Short descriptive text snippets:
==*==

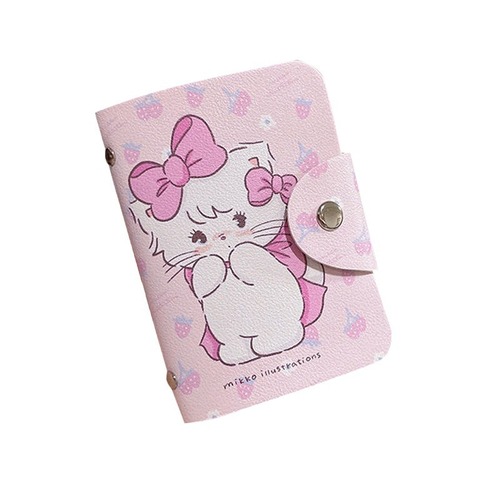 Manufacturer wholesale mikko co-branded card bag card bag ID card slot bank card bag original cute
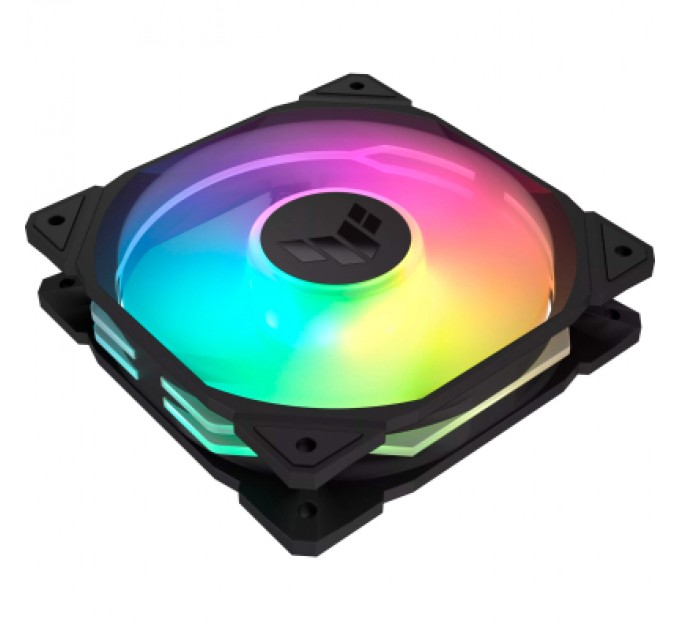 ASUS Кулер до корпусу ASUS TUF GAMING TR120 FAN ARGB BLACK 3IN1 (90DA0090-B09020)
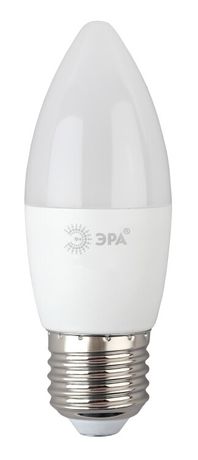 Лампа светодиодная LED 10 Вт 800Лм 2700К свеча теплый E27 220-240В B35-10W-827-E27 Red Line - Б0052377 ЭРА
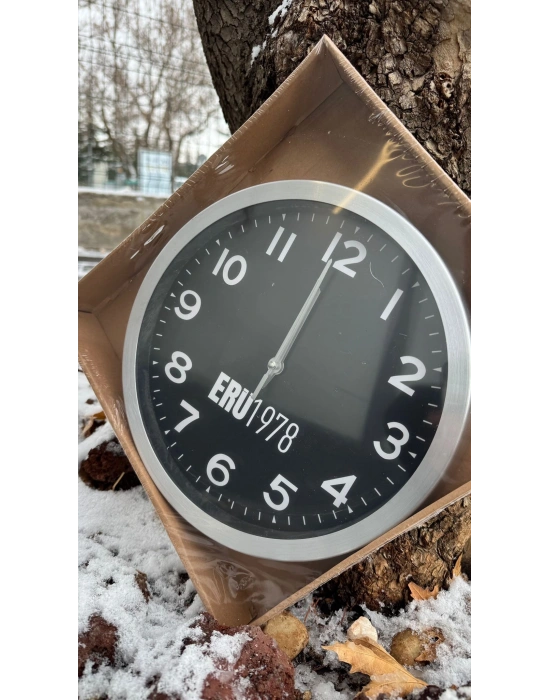 ERU 1978 Duvar Saati (2 Farklı Renk Seçeneği)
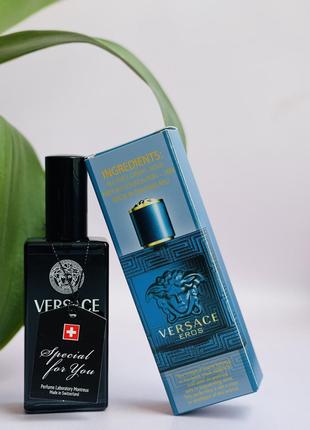 Парфюмированная вода для мужчин Versace Eros pour Homme 65мл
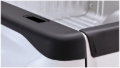 Picture of Bushwacker 07-13 Chevy Silverado 1500 Fleetside Bed Rail Caps 69.3in Bed - Black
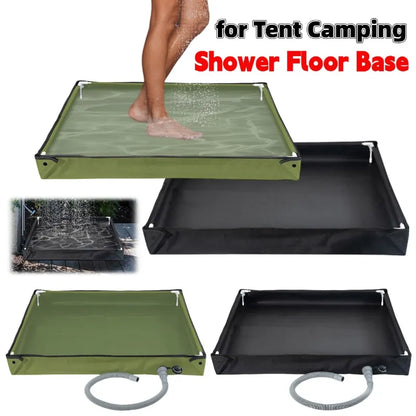 HookUpCo. Foldable Camping Shower Tent Base - HookUpCo.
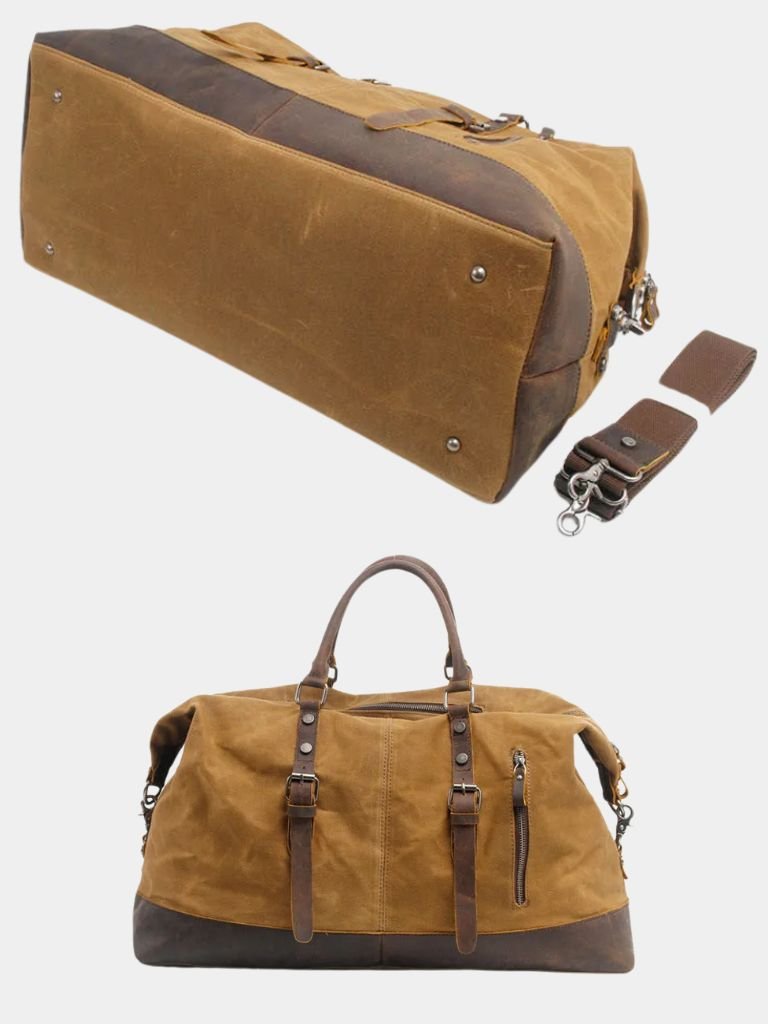 Voyager Duffle Bag | Savile & Co.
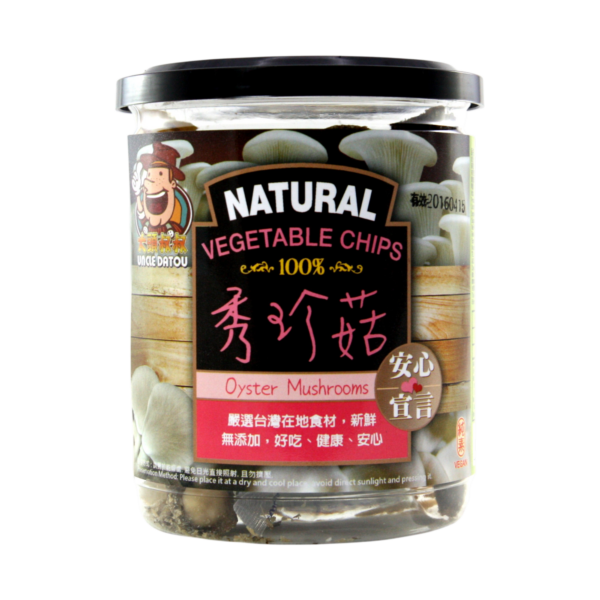 《大頭叔叔-UNCLE DATOU》秀珍菇脆片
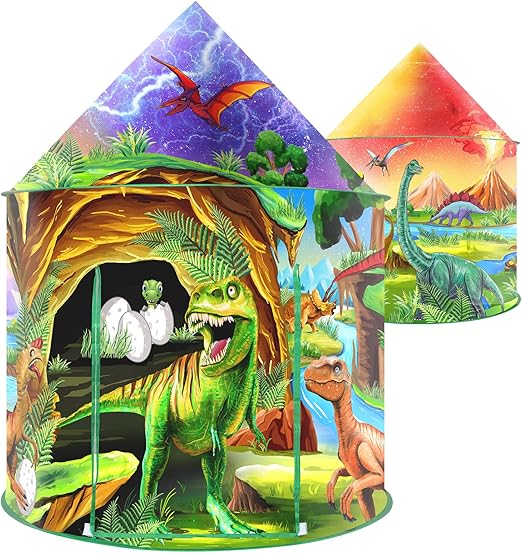 Rocket Ship Play Tent for Kids, Astronaut Spaceship Space Themed
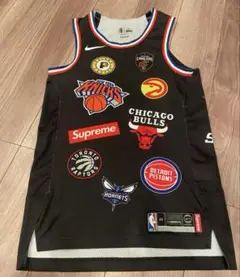 supreme NIKE×NBA 2018SS コラボタンクトップ Supreme Nike／NBA Teams バスケットボール ジャージ タンク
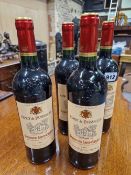 RED WINE: A DOZEN BOTTLES OF ESPRIT DE PUISSEGUIN SAINT-EMILION 2014-16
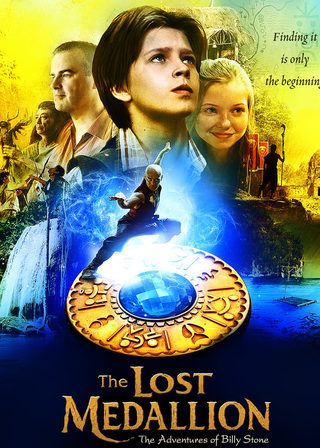 《遺失的徽章：比利·斯通歷險記》電影海報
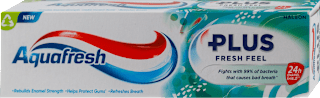 PLUS FRESH FEEL pasta za zube Aquafresh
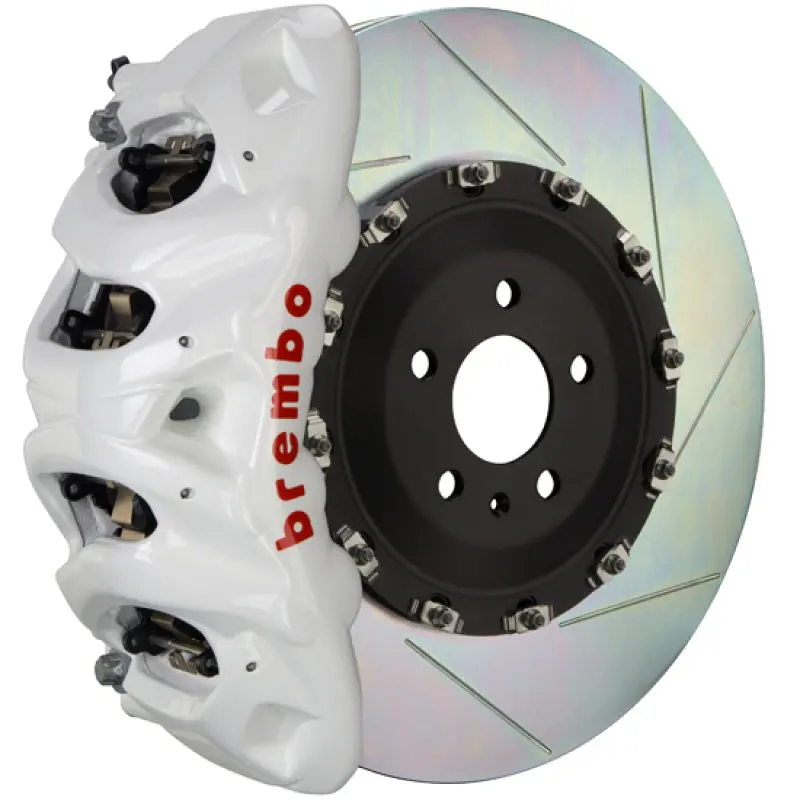 Brembo Gt Big Brake Kit – Front 6-Piston Calipers & 380X34Mm 2-Piece Slotted Rotors For 2019+ Bmw Z4 & 2020+ Toyota Supra 1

==*==

> **Exercise objective**
I would like you to set down the lines above, from the one containing "RED WINE: A" to the final line, exactly as written and without pictures.

> **Response to the task**
 RED WINE: A DOZEN BOTTLES OF ESPRIT DE PUISSEGUIN SAINT-EMILION 2014-16
 《遺失的徽章：比利·斯通歷險記》電影海報
 PLUS FRESH FEEL pasta za zube Aquafresh
 Brembo Gt Big Brake Kit – Front 6-Piston Calipers & 380X34Mm 2-Piece Slotted Rotors For 2019+ Bmw Z4 & 2020+ Toyota Supra 1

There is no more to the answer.